Krylov–Bogolyubov theorem

In mathematics, the Krylov–Bogolyubov theorem (also known as the existence of invariant measures theorem) may refer to either of the two related fundamental theorems within the theory of dynamical systems. The theorems guarantee the existence of invariant measures for certain "nice" maps defined on "nice" spaces and were named after Russian-Ukrainian mathematicians and theoretical physicists Nikolay Krylov and Nikolay Bogolyubov who proved the theorems.[1]

Formulation of the theorems
Invariant measures for a single map

Theorem (Krylov–Bogolyubov).
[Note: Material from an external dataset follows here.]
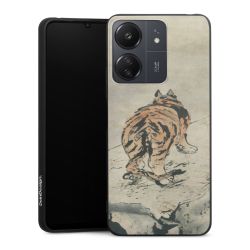 Silikon Premium Case black-matt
Let (X, T) be a compact, metrizable topological space and F : X → X a continuous map. Then F admits an invariant Borel probability measure.
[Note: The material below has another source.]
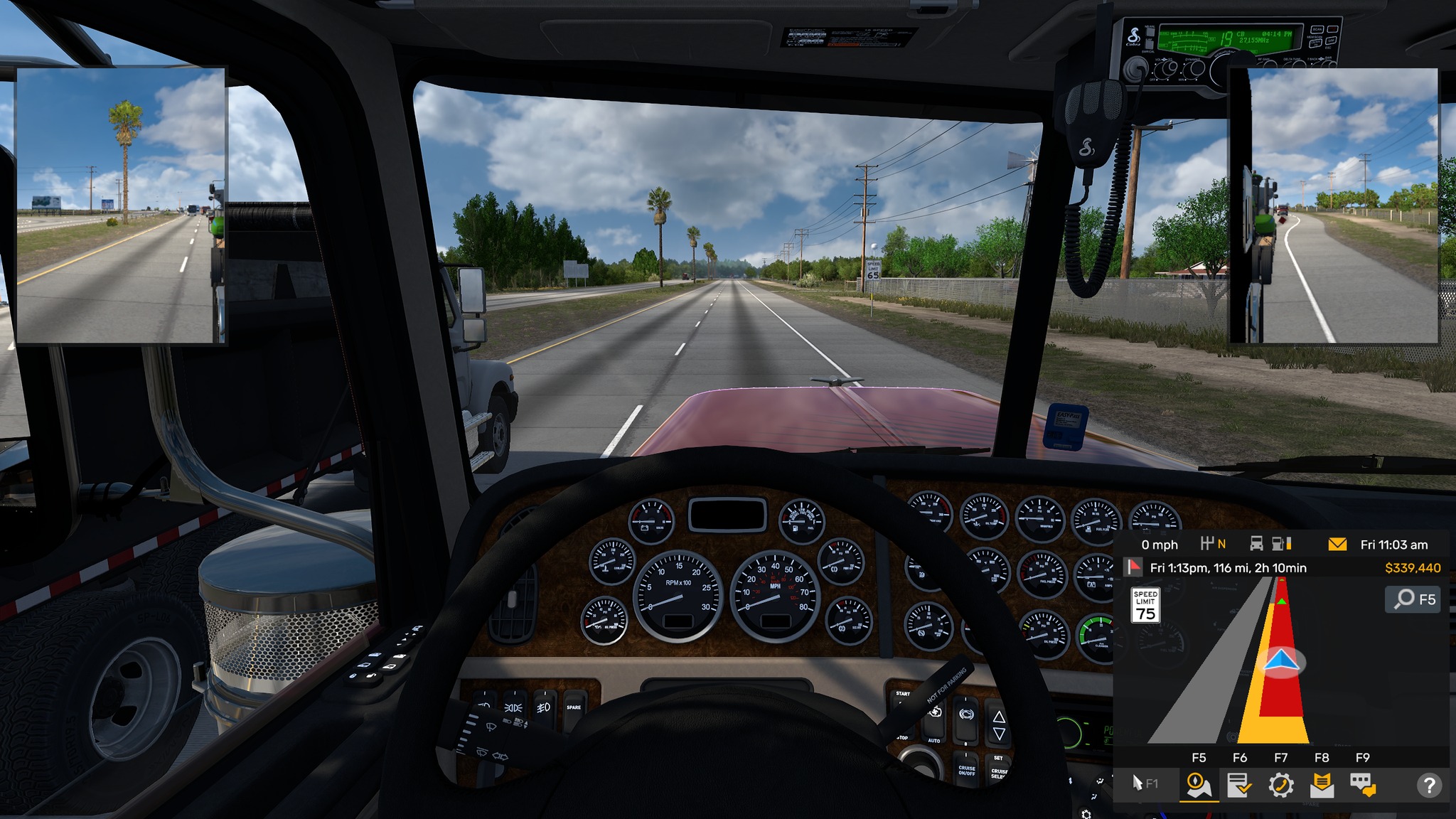 ATS Mod Updates | I've updated Ultimate Graphics Mod for 1.57, check it ...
That is, if Borel(X) denotes the Borel σ-algebra generated by the collection T of open subsets of X, then there exists a probability measure μ : Borel(X) → [0, 1] such that for any subset A ∈ Borel(X),

\( \mu \left( F^{-1} (A) \right) = \mu (A). \)

In terms of the push forward, this states that

\( {\displaystyle F_{*}(\mu )=\mu .} \)

Invariant measures for a Markov process

Let X be a Polish space and let \( P_t, t\ge 0 \), be the transition probabilities for a time-homogeneous Markov semigroup on X, i.e.
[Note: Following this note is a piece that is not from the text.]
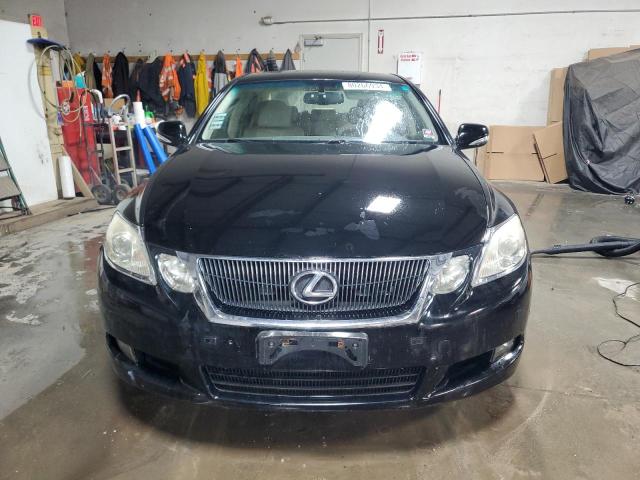 JTHCE96S880014072 - 2008 LEXUS GS 350 BLACK photo 5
\( \Pr [ X_{t} \in A | X_{0} = x ] = P_{t} (x, A). \)

Theorem (Krylov–Bogolyubov). If there exists a point \( x\in X \) for which the family of probability measures { Pt(x, ·) | t > 0 } is uniformly tight and the semigroup (Pt) satisfies the Feller property, then there exists at least one invariant measure for (Pt), i.e. a probability measure μ on X such that

\( (P_{t})_{\ast} (\mu) = \mu \mbox{ for all } t > 0. \)